Work to complete: Below are some records. Write out the lines from the one containing "Coil Spring - RIDEX 188C0290" to the last line, word for word, leaving out pictures.

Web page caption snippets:
***

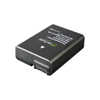 Re-Fuel Camera Battery for Nikon EN-EL14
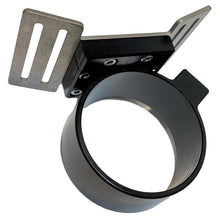 Load image into Gallery viewer, Ammonite ACCU CLICK MOUNT (9/10Ah)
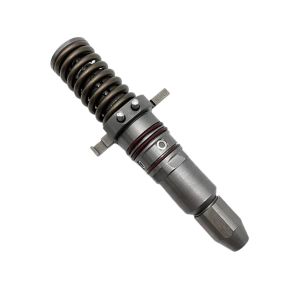 Fuel Injector CA0R2836, 0R-2836, 0R2836 For Caterpillar CAT Engine 3508 3512 3516 Caterpillar Truck 785 Caterpillar Wheel Loader 994 from www.soonparts.com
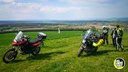 allbikersrally camp senica 2017 0047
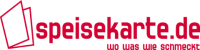 Unsere Partner Plückebaum Verlag KG, Düsseldorf, DE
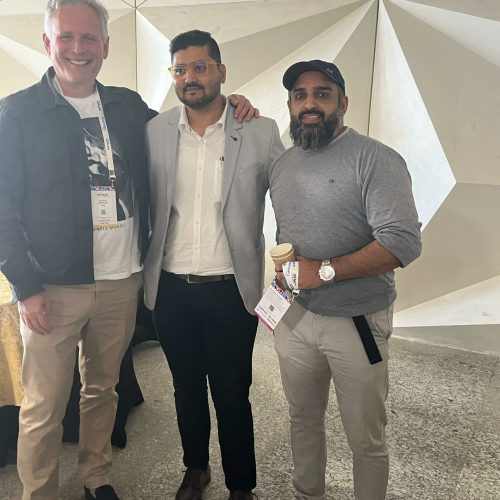 WhatsApp Image 2025-03-09 at 11.16.52 PM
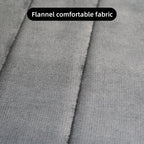 CORAL VELVET MAT – Soft Bathroom Mat with Non-Slip Design for Comfort & Safety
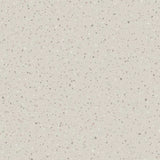 ArchiTEX Range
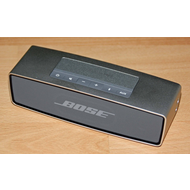 Bose-soundlink-mini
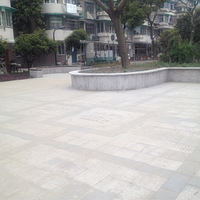 ��Է�ڵĻ�԰�̵ر���ǰ����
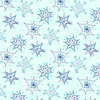 Pattern Motif Minimalism`MM131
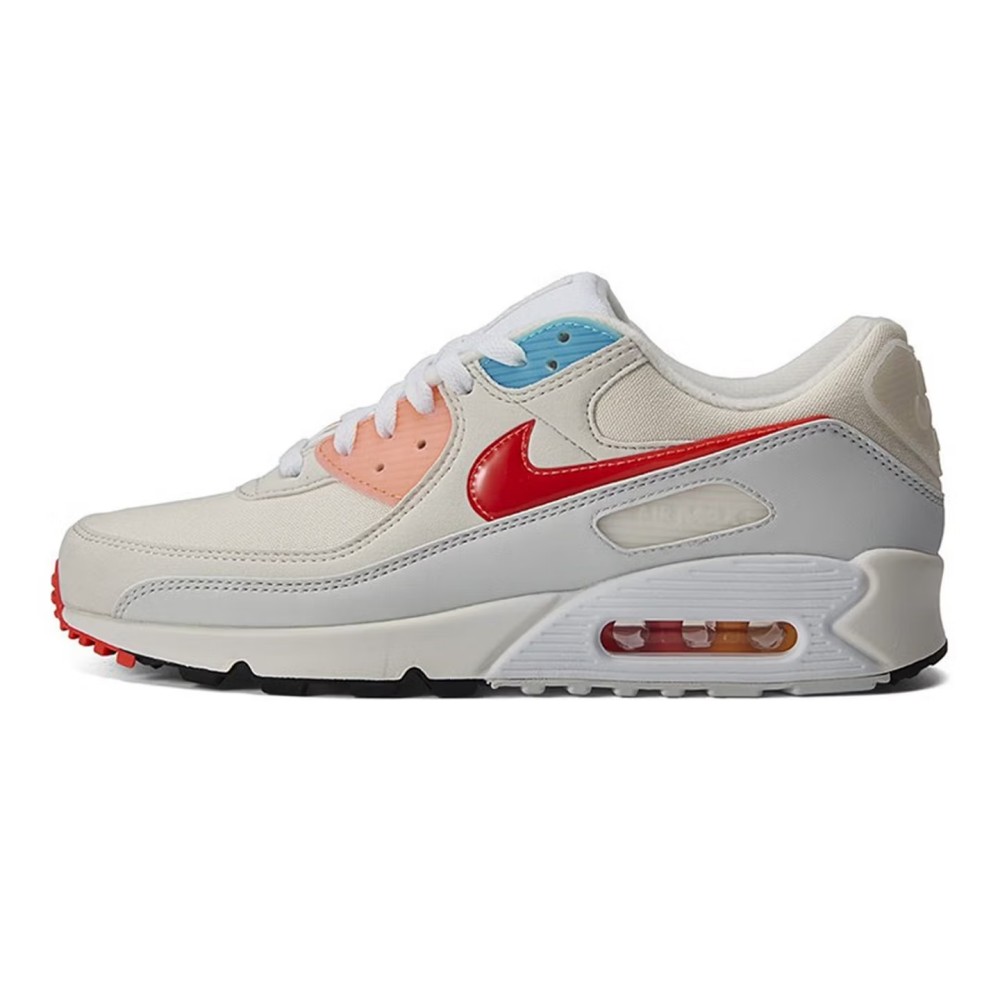 Мужские кроссовки Nike Air Max – обзор и цена Nike Shoes Air Max 90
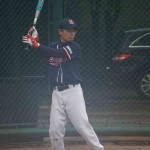 2016年5月21日(1437)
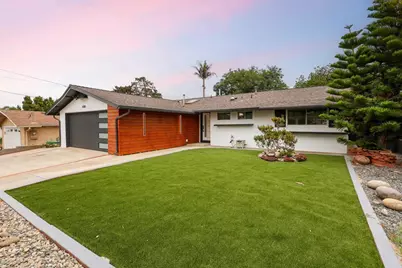 4380 Rolfe Road, San Diego, CA 92117 - Photo 6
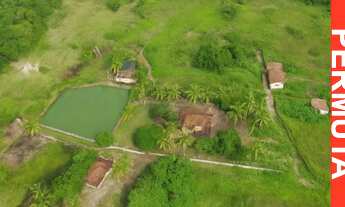 Imagem: Oportunidade imperdível Lote à venda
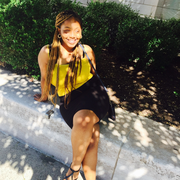 Janiah J., Babysitter in New Haven, CT with 7 years paid experience
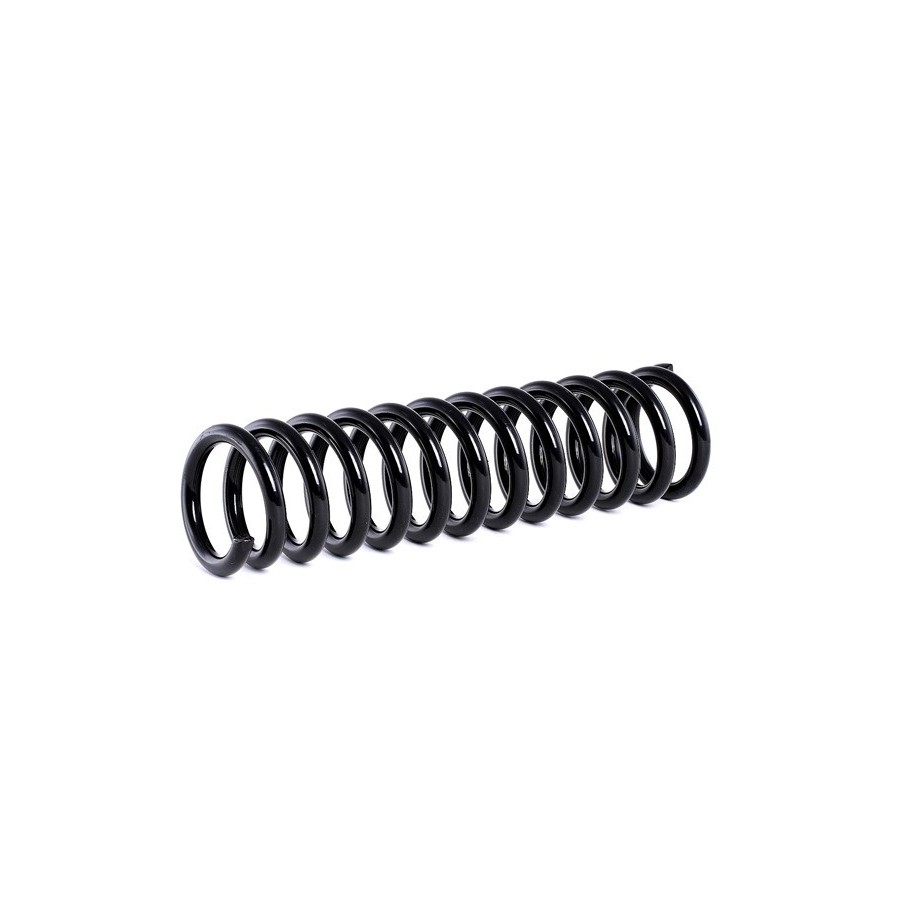 Coil Spring - RIDEX 188C0290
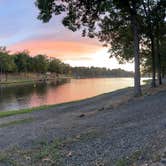 Review photo of Indian Lakes Resort by Jay S., September 6, 2021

***

Result of the task:
 Coil Spring - RIDEX 188C0290
 Review photo of Indian Lakes Resort by Jay S., September 6, 2021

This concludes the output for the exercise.